A thought on horror's present.
- Longing For Late Fees. This weekend I went to Slasher World, a horror-themed space on Melrose Avenue in Los Angeles. Its layout offers a diagram of horror fandom. The big franchises dominate the front room: Halloween, Texas Chainsaw, A Nightmare On Elm Street, Candyman, Evil Dead, and Scream. It’s a combination gift shop and Instagram installation. The second space—ticketed, past a velvet rope—is the “horror VHS immersive exhibit” Slashback Video (previously in Burbank). It’s set up like a classic video store, shelves lined with horror VHS boxes—House II, Basket Case, the lenticular box of Jack Frost, etc. There are also VHS art objects—some bizarre, some upsetting, some delightful. There’s a sculptural Evil Dead 2 case and the 80s mashup Beverly Hills Christine. A lot of what’s going on here is restoration (like John’s work on the church in Don’t Look Now). But the density of the exhibit, the profusion of international posters, the single genre, and the art objects contribute to an experience that isn’t actually quite like being in a video store in 1989. It’s a nostalgic place—better in some ways than the real thing. It’s also a celebration of the lo-fi and the handmade, which adds, for all the energy in nostalgic recreation, an authenticity too. Horror’s a genre that has run so often on small budgets and practical effects, and this same ethic can be felt in the detailed exhibit creation here.
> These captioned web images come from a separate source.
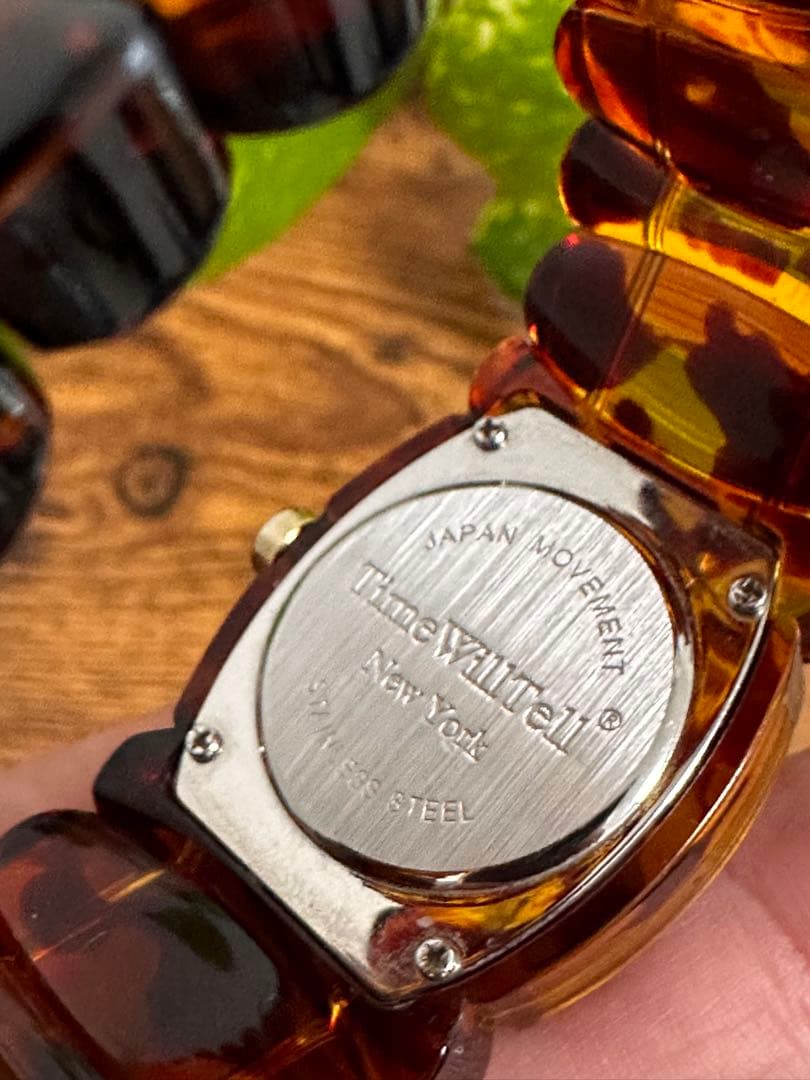 Time Will Tell NEWYORK スヌーピー 腕時計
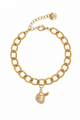 Charm Armband - Sattel - Gold - Set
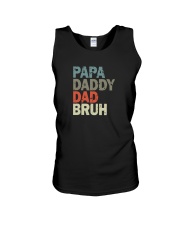 PAPA DADDY DAD BRUH Unisex Tank tile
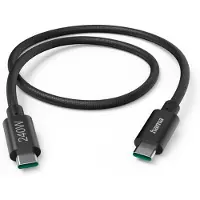 Hama 00201702 USB-C-kabel USB 3.2 Gen1 USB-C stekker 1.5 m Zwart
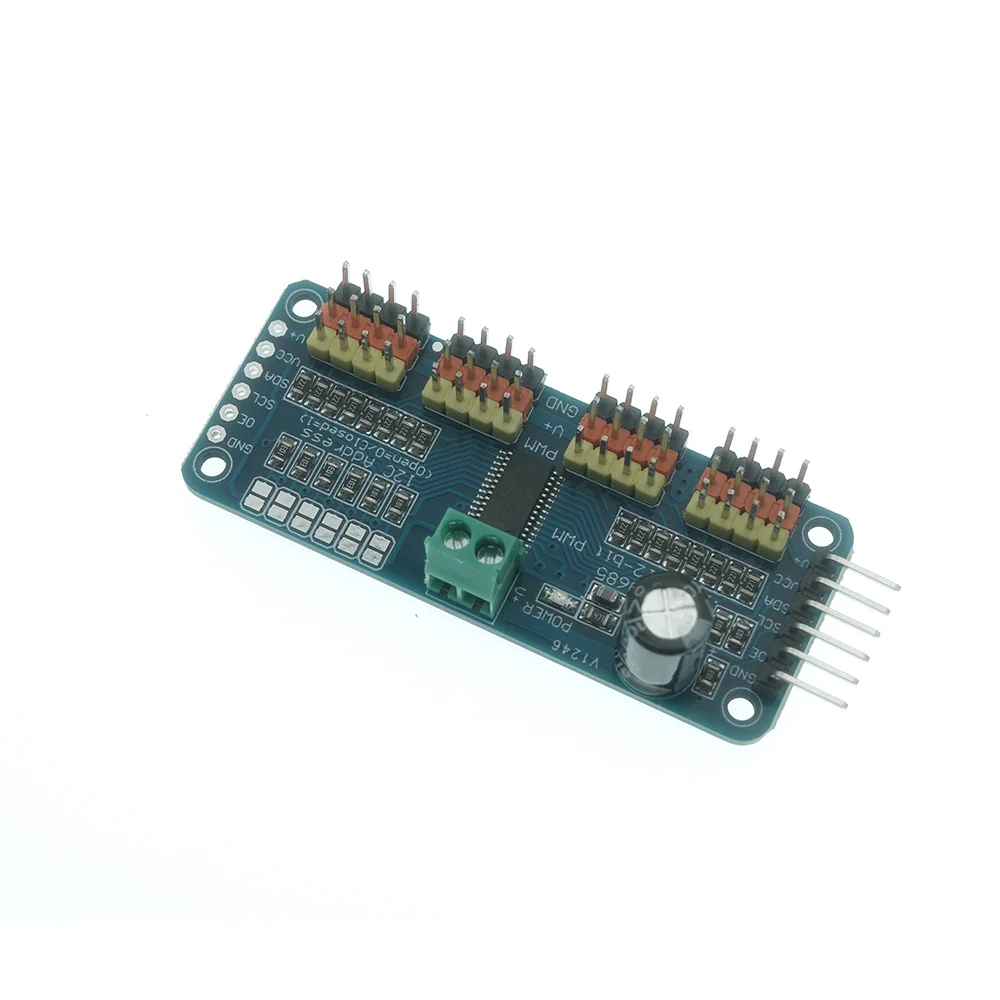 PCA9685PW 16-Kanal 12-Bit PWM Servo Shield Treiber I2C Schnittstelle – Bild 6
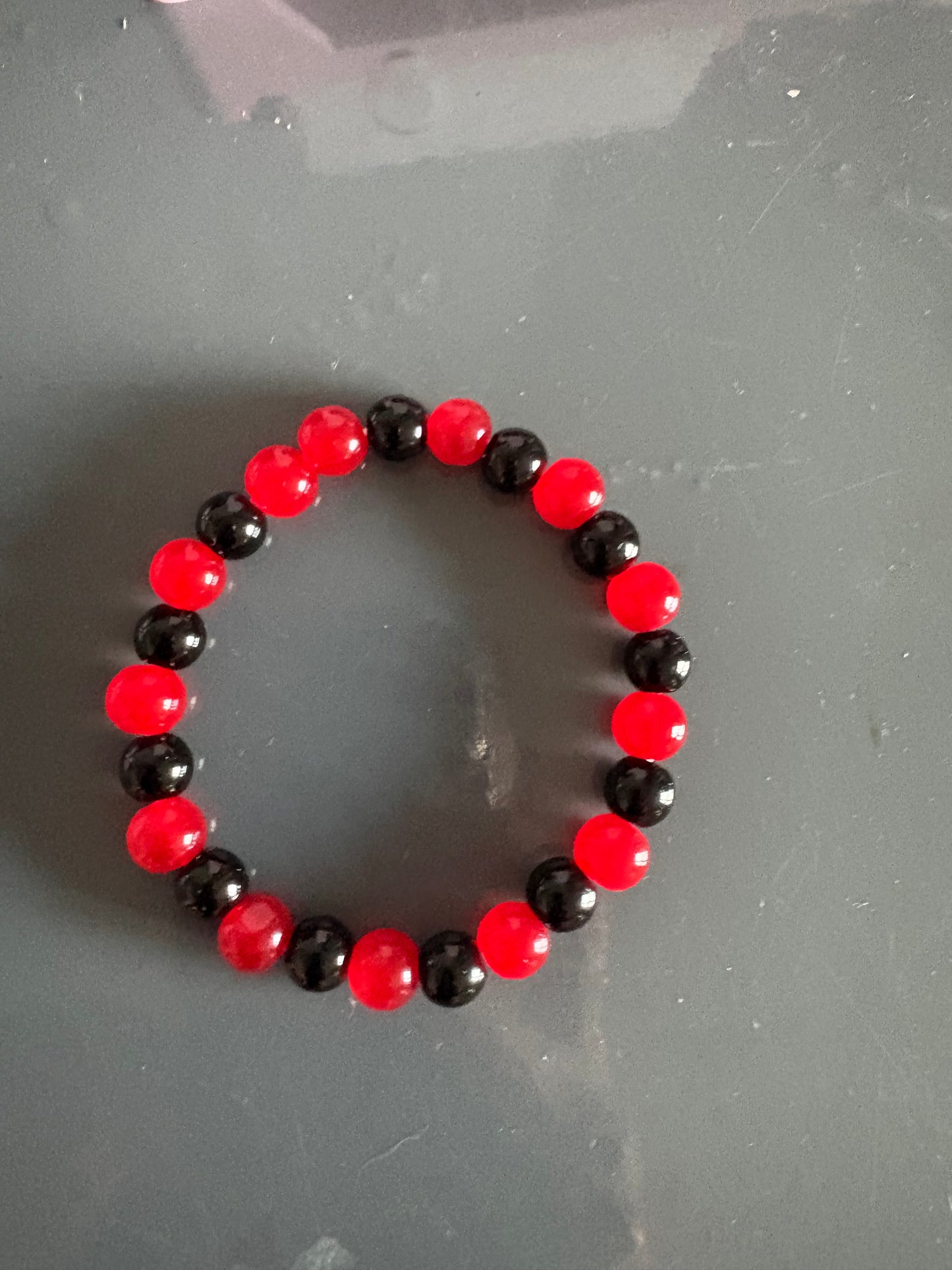 Handmade 8mm glass bead braclets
Beyond the big franchises, there’s an under-resourced, fringe horror culture with its own kind of creative tradition—a cultural project that still lives, even if its lurking in a back room on Melrose.

Living Deliciously.
A recommendation.
- Bird Beast. We’ve been discussing things beautiful and handmade, and a film that exemplifies both qualities and delivers a good dose of spooky mood without being too squarely Halloweeny—perfect for the cusp of October—is Czech horror fairy tale Panna a netvor—“Beauty and the Beast“ or, in direct translation, “The Virgin and the Monster.” (I explored this film in essay form a couple years ago.) Juraj Herz’s film tells a recognizable Beauty and the Beast story in a world both magical and sinister. Its forest and crumbling mansion are the stuff of goth fantasy. Its “Beast” is a hybrid creature with a bird’s head and sharp claws—a character surging with carnal and violent energy. Panna a netvor is gorgeous, haunting, and more horror than you’re expecting. Oh—and there’s a malevolent goblin too. Streaming on Eternal Family.
Dead of Night publishes every Tuesday. Today we saw an important federal court victory against our administration's outrageous wielding of deportations as a tool to silence dissent. It's an important moment to remember that the courts alone will not save us. Only organized people, only democratic power, will defeat fascism. The moment to resist is now.